The Appeals Division affirmed a hearing decision finding a violation of § 3.09 of the Health Code, where dog feces were observed on respondent's property. At the hearing, respondent claimed that she was an absentee owner and her tenant's dogs were responsible for the nuisance. She further testified that dogs were not allowed under the lease, but the tenants refused to move. The hearing officer held that as the owner, respondent was responsible for the nuisance created by her tenants. On appeal, respondent raised a new defense that the nuisance was cat feces and her tenant's dogs were not responsible. The Appeals Division affirmed the finding of violation, noting that respondent had failed to establish an affirmative defense by showing that she was making concerted efforts on a continuing basis to abate the cited nuisance condition. DOHMH v. Liyun Lu, Appeal No. 2200605 (August 25, 2022).

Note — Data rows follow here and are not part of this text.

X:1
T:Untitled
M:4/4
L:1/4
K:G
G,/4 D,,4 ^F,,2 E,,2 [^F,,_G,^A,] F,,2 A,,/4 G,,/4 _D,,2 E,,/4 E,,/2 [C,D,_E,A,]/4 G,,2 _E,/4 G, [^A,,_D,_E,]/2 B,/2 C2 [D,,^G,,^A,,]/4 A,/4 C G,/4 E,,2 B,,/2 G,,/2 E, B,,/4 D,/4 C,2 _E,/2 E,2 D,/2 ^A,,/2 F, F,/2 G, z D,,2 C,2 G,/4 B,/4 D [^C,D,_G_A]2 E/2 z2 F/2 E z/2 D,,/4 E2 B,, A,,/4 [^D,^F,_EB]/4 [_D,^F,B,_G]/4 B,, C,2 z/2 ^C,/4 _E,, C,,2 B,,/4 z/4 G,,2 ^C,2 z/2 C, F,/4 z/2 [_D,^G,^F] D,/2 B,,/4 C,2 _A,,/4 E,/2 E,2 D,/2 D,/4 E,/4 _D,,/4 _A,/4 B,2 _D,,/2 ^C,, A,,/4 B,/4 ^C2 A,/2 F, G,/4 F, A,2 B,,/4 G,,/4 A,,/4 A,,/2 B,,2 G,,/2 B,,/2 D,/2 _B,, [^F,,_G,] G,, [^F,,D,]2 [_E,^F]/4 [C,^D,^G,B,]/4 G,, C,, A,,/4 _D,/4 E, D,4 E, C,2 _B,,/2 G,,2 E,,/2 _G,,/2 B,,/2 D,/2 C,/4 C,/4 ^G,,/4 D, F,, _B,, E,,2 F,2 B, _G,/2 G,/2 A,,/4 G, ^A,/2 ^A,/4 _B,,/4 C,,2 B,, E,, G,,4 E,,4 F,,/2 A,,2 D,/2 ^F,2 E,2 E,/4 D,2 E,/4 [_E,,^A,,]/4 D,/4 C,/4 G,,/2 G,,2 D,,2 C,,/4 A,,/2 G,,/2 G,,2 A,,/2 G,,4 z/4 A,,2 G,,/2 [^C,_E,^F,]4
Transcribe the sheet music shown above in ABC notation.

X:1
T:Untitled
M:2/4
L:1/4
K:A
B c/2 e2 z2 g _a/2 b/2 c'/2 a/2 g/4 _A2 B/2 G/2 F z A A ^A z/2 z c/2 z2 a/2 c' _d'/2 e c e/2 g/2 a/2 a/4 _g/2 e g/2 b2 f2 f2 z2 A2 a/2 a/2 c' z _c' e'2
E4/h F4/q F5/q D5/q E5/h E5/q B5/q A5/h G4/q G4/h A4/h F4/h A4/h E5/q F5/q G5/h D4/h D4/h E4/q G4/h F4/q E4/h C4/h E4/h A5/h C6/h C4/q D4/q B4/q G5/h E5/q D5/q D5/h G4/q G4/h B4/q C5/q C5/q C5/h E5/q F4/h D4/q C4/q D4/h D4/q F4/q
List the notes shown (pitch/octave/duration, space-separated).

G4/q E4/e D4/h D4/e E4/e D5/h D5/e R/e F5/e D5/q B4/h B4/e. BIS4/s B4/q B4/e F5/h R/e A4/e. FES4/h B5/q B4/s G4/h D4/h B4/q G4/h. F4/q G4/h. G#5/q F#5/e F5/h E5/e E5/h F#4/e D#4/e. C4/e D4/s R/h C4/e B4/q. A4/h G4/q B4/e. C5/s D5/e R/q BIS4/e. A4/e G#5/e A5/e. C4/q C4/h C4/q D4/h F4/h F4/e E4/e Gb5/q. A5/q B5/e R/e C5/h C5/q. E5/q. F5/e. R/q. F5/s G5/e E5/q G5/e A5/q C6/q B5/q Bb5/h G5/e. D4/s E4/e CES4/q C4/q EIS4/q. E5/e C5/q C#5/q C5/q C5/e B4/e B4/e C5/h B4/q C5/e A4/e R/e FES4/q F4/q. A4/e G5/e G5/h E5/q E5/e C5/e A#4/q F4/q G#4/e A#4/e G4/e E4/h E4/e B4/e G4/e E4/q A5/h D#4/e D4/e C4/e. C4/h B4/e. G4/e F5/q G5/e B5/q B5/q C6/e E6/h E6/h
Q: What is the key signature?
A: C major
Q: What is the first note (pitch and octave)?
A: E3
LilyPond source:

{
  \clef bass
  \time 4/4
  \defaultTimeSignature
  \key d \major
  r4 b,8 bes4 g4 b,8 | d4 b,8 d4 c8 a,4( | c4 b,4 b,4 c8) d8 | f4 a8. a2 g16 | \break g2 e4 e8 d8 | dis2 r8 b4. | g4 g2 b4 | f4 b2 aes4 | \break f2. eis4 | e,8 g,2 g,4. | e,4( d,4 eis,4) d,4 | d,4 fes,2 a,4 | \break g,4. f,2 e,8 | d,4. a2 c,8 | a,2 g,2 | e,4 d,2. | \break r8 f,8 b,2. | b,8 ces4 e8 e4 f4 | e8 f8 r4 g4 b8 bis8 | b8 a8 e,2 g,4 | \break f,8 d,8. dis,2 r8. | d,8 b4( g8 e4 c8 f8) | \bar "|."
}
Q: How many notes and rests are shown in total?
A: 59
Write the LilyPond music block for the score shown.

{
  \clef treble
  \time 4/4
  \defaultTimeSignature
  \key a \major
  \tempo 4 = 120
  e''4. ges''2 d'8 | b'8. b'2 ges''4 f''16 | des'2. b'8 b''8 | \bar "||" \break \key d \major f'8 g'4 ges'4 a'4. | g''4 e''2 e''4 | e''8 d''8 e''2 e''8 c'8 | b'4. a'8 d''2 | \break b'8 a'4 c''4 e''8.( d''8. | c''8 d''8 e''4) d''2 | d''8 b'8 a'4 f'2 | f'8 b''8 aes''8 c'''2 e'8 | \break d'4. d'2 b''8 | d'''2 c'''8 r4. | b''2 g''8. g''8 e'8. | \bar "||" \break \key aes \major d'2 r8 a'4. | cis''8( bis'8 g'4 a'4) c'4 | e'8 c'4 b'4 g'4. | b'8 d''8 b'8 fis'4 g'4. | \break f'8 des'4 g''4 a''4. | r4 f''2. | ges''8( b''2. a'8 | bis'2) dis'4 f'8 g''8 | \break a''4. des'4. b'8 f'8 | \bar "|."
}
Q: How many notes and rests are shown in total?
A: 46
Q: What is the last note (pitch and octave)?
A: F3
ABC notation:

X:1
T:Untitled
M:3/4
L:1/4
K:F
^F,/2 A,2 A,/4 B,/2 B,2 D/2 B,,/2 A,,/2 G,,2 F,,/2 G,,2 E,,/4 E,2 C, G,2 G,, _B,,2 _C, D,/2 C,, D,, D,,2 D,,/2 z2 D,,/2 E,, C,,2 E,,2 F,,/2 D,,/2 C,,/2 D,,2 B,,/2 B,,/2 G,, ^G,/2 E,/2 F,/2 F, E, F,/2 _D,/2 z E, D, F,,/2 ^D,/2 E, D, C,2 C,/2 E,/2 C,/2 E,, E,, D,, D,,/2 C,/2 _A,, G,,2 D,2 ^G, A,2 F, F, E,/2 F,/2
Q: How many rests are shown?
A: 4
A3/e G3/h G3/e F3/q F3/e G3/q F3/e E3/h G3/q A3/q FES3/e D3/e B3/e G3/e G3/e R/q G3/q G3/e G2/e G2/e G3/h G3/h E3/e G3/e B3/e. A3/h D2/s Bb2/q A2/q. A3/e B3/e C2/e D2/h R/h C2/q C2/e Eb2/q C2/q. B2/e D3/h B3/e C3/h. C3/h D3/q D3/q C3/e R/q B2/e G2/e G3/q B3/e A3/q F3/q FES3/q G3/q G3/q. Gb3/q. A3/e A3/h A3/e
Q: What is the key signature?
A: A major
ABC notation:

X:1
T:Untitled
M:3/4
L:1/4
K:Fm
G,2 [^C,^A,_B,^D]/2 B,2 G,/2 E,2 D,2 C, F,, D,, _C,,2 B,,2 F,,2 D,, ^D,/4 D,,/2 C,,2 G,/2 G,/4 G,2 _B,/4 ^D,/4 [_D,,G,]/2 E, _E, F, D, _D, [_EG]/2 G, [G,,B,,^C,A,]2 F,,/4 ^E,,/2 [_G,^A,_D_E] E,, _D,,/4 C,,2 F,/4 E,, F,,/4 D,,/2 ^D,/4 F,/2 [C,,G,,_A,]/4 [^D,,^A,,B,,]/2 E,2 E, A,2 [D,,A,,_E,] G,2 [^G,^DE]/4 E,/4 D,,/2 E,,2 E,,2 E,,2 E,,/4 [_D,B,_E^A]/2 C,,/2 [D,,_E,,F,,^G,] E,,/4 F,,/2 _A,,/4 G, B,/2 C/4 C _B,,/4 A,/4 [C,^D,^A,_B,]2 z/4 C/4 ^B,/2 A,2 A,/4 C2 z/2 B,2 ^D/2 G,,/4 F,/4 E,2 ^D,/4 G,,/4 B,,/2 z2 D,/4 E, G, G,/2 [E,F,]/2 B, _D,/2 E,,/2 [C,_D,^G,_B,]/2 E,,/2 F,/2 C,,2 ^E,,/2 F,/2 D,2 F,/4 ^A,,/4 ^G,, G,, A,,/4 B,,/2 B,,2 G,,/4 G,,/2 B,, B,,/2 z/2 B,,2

The Appeals Division reversed a hearing officer's decision sustaining a summons charging respondent, a food service establishment, with violating § 81.05(a) of the Health Code for operating without a valid permit. At the hearing, the owner testified he applied for a new permit and believed he had received a temporary license and was allowed to operate. The owner requested an opportunity to submit evidence in support, but the hearing officer denied his request. On appeal, the owner submitted copies of a permit application receipt and a letter from the New York City Licensing Center, which established respondent was allowed to “begin to operate on the 22nd day after you submit your application, even if you haven't received your permit.” Generally, under 48 RCNY § 6-19(f)(2), the Appeals Division will only consider evidence that was presented to the hearing officer. However, here, the Appeals Division found good cause to consider respondent's new evidence, noting that the owner specifically described this evidence at the hearing and requested permission to submit it. The Appeals Division found that under § 81.05(d), respondent was legally permitted to operate without a permit beginning on the 22nd day after the submission of its permit application. DOHMH v. Beverage Innovation Greene Inc. d/b/a Whistle & Fizz, Appeal No. 04780-22F0 (August 17, 2022).